As you can see from the examples above, the beauty (and danger) of "soon some" is that it is notoriously non-specific, immensely imprecise and exceptionally hard to define.

Let’s take another example. Your average American walks into a patty shop in Brooklyn and orders "one of those lovely Juh-may-kin beef paddies".  The Jamaican cashier, who is on her cell phone discussing her marital issues with her sister Mavis in Florida (but is kind enough to acknowledge the presence of the customer) says "One second mi boss. Ah soon come."  The American, in his ignorance, interprets this to mean: "I will be with you momentarily" and begins to wait patiently at the cash register.  What the cashier really meant, however, was: "I will get to you when I get to you.  Your lunch cannot be nearly as important as the fact that Trevor ah give me bun wid dat dutty, jeyes-ears girl weh live next door"

As we already noted above, in this context, “soon come” means “some time today”. But “soon come” can mean something else entirely…

Take the example of the Jamaican patty shop at mid-day.  The line of hungry customers curls like a snake through the shop and almost out through the door.  The “uptown” lady at the top of the line is taking forever to make her order: “You have lobster patties?
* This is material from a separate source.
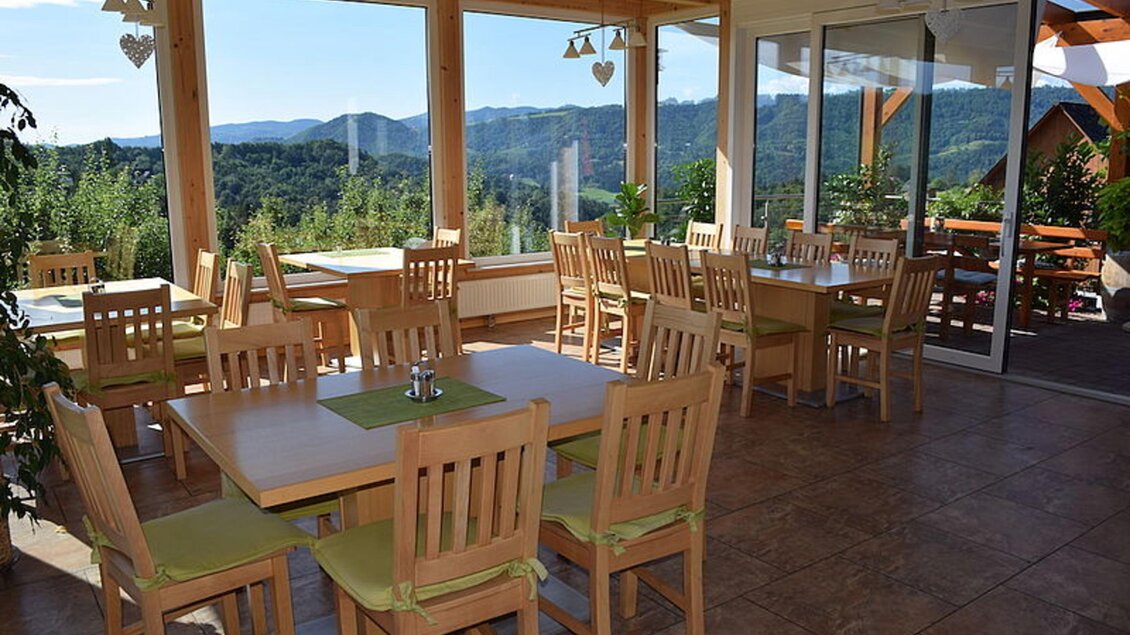 Ein gemütliches Restaurant mit Holzstühlen und Tischen. Man hat einen schönen Blick auf die Berge. | © Walter Christian Zitz | Weinhof Zitz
No?  Only beef and chicken? Can I get four beef and four chicken?  No, make that six beef and two chicken. You have change for a $1,000 bill?  Can I use my credit card instead? You have cocoa bread? Danish? I wonder if you can give me one second while I call the kids and see what they want?”  An obviously hungry gentleman dressed in a hard hat, work-boots and a layer of cement-dust calls from the back of the line: “Lady mek up yuh #$!!&@ mind and stop waste people time!”  His comment is met with murmurs of approval from other famished persons in the line. “She nuh know say people hungry?” mutters one lady. The uptown lady, however, decides to be brave and snaps back: “Don’t shout at me sir! Don’t shout at me! Cruff! Damn out of order!” In turn, the exasperated construction worker shouts back “Ah me yuh ah talk to? Ah soon come up dere an’ thump yuh in yuh mout!”

Now in this situation “soon come” doesn’t mean “some time today” it means “any second now” and persons should act accordingly!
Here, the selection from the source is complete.